Here’s what to watch for on Tuesday, September 13:
It was a bad day for the USD which fell to the worst level in more than two weeks against a basket of currencies at the start of the week. The dollar index, DXY, which measures the currency against six major counterparts, softened despite a strong forecast that the Federal Reserve will raise interest rates by 75 basis points at its meeting on September 20-21. .
Sentiment had pushed the index to a two-decade high of 110.79 last Wednesday, but it fell to its lowest point since August 26, at 107.81, ahead of the US consumer price index. .of Tuesday. The US headline consumer price index is expected to fall 8% year-on-year in August, while the core measure, which excludes food and energy, is expected to rise.
Meanwhile, fueling the decline in DXY, the euro rose to more than a three-week high against the dollar, with European Central Bank officials calling for further aggressive monetary tightening. In addition, news broke that Ukrainian forces have made significant progress in pushing back Russian troops and this has also favored a better tone in European markets. The common European currency rose about 1.5% to 1.0198, its highest since Aug. 17. Aug 17, and well above the 20-year low of 0.9862 hit last week.

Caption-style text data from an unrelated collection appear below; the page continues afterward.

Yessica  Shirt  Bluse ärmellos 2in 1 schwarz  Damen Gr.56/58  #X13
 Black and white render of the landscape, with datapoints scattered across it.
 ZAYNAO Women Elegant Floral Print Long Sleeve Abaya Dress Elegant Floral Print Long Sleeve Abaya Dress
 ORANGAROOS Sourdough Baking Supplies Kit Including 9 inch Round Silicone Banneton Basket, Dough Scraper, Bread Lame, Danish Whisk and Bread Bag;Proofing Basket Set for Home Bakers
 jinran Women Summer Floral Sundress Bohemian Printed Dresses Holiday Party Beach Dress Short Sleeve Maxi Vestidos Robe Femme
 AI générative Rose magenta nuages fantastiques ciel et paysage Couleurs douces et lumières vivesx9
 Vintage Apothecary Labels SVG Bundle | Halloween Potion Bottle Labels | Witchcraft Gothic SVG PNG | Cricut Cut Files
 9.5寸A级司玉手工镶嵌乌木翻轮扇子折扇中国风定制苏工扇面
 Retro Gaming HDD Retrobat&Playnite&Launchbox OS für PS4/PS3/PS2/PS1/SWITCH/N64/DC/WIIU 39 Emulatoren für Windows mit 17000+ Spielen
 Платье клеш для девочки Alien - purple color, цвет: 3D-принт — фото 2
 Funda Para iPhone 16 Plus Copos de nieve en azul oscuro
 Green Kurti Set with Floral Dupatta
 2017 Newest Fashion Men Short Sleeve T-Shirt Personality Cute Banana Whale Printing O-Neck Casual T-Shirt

AUD/USD started the week in better supply and was up around 0.61% in late North America trading, having shed territory from early session highs near 0.69. The currency pair rallied from 0.6824 and remains in bullish territory due to USD weakness.
Regarding the yen, the USD rose modestly against the Japanese currency and the pair approached 143.50, but far from its 24-year high of 144.99 reached last week. Traders are watching for Japanese officials to hint at intervention to prevent the currency from weakening further. Over the weekend, a senior government official said in an interview on local television that the administration must take necessary measures to counter the yen’s excessive decline. However, the Bank of Japan’s ultra-accommodative stance is expected to remain unchanged at its next meeting scheduled for September 21-22.
The CAD rose to 1.2963 from 1.3045 and with no Canadian data scheduled for Monday, attention turned to the Bank of Canada’s recent 75 basis point hike. The central bank said further tightening will probably be needed to bring down inflation. The next BOC meeting is scheduled for October 26.
As for the pound, it rose to 1.1710 from 1.1600. UK industrial production fell slightly in July after falling further in June, although manufacturing output rebounded modestly after falling in June, according to data released on Monday. UK employment data will be released on Tuesday, followed by inflation data on Wednesday and retail sales on Friday. Those waiting for the Bank of England monetary policy meeting will have to wait until September 22 due to the 10-day mourning period following the passing of Queen Elizabeth II.
On the other hand, the main US indices have risen for four consecutive days. On the other hand, cryptocurrency investment funds and products saw total outflows for the fifth week in a row, totaling $63 million in the week ending Sept. 9, according to a report from digital asset manager CoinShares on Monday. . Cryptocurrency investment funds and products posted total outflows for the fifth week in a row, totaling $63 million in the week ending Sept. 9.
Gold is up 0.75% on the day, having moved from a low of $1,712.04 to a high of $1,735.18 so far, piercing the 61.8% Fibonacci level of daily bearish momentum.